After falling short of making the Top 13 this past week, Halperin headed home to Omaha, NE to be with his family. He graciously took the time to chat with me over the phone this weekend about his American Idol experience.

I know it’s been only a couple days, but how is post-Idol life treating you?

It’s good. It’s a transition, for sure. It’s crazy going from being on the number one TV show in America to being back in reality. I feel like I’ve had a smooth transition for the most part.

How did you first get your start in music?

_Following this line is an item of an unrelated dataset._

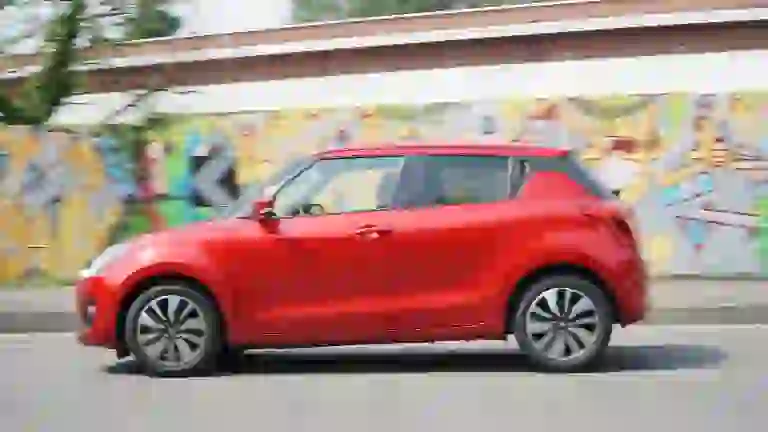 Suzuki Hybrid 2019 - 14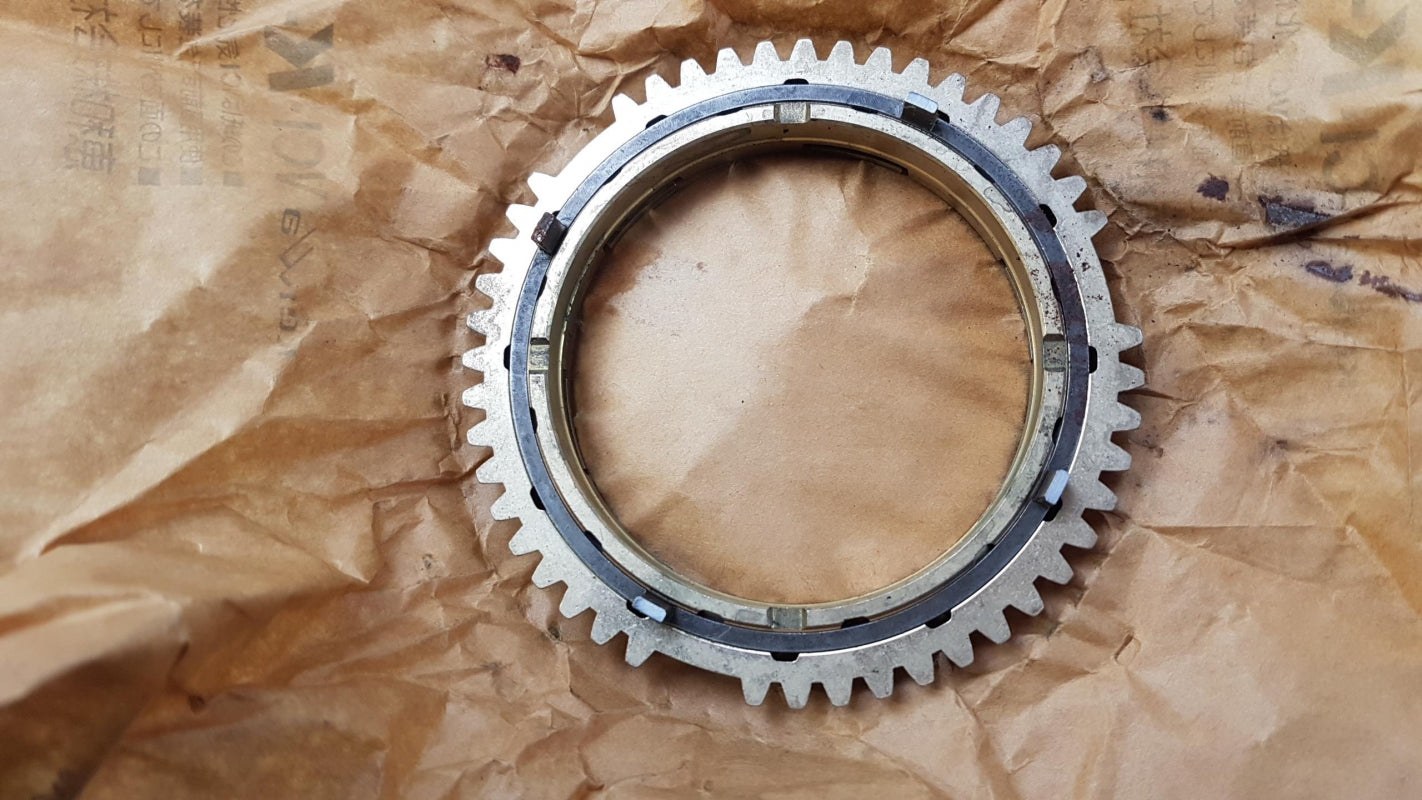 Original OE MITSUBISHI Schaltgetriebe Synchronring MD770149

I grew up just loving music, started taking piano lessons at six-years-old. In middle school, I started playing with the worship team at church, and then eventually started playing with bands in high school. And when I went off to college at TCU, I had started recording and playing some more shows. Then I graduated from TCU here in May.

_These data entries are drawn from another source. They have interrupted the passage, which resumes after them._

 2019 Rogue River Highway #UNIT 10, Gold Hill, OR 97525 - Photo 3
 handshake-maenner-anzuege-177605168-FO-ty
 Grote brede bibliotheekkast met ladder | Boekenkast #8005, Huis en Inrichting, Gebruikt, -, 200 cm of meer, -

Wow, so you’re fresh out of college?

Yeah, timing-wise it was really perfect for Idol to happen.

So, when did you really start working on your songwriting?

It was about during my sophomore year of high school I believe when I wrote my first kind of serious song. It was really slow at first. You know, I’d write a couple here. When I got to college, I just started writing some more. I played a talent show my sophomore year of college, and people were wondering when I was going to release some of the songs that I had written. And I was like, maybe that’s a good idea. Maybe I should do a short CD. I recorded a five track CD and put it up on iTunes by the winter of my sophomore year in college. That led me to keep songwriting.

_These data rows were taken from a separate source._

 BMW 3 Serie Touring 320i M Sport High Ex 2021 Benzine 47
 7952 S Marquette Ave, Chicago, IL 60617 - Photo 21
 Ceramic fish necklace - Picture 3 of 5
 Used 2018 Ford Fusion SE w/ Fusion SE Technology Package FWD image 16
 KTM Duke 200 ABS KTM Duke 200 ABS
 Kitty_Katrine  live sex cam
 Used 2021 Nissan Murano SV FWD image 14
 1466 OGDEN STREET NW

And songwriting you know, is just like anything else; the more practice you have, the better you get. I feel like I really started figuring out who I was as an artist and who I wanted to be in the last year and a half or so. I started to write a lot more and started to feel where I was headed.

When you’re working on a song, do you start with the lyrics or do you start with the melody first?

I usually start with lyrics first. I’m not the type of person that has you know, two hours every day I’m going to song write. I usually feel just the urge to write. Either I’m going through something personally, emotionally or I’m affected by people around me who are going through something. Or I notice something I never have before, it’s usually kind of an epiphany type thing. But I try and really embrace whenever those moments happen and make time, make space for me to sit down and write.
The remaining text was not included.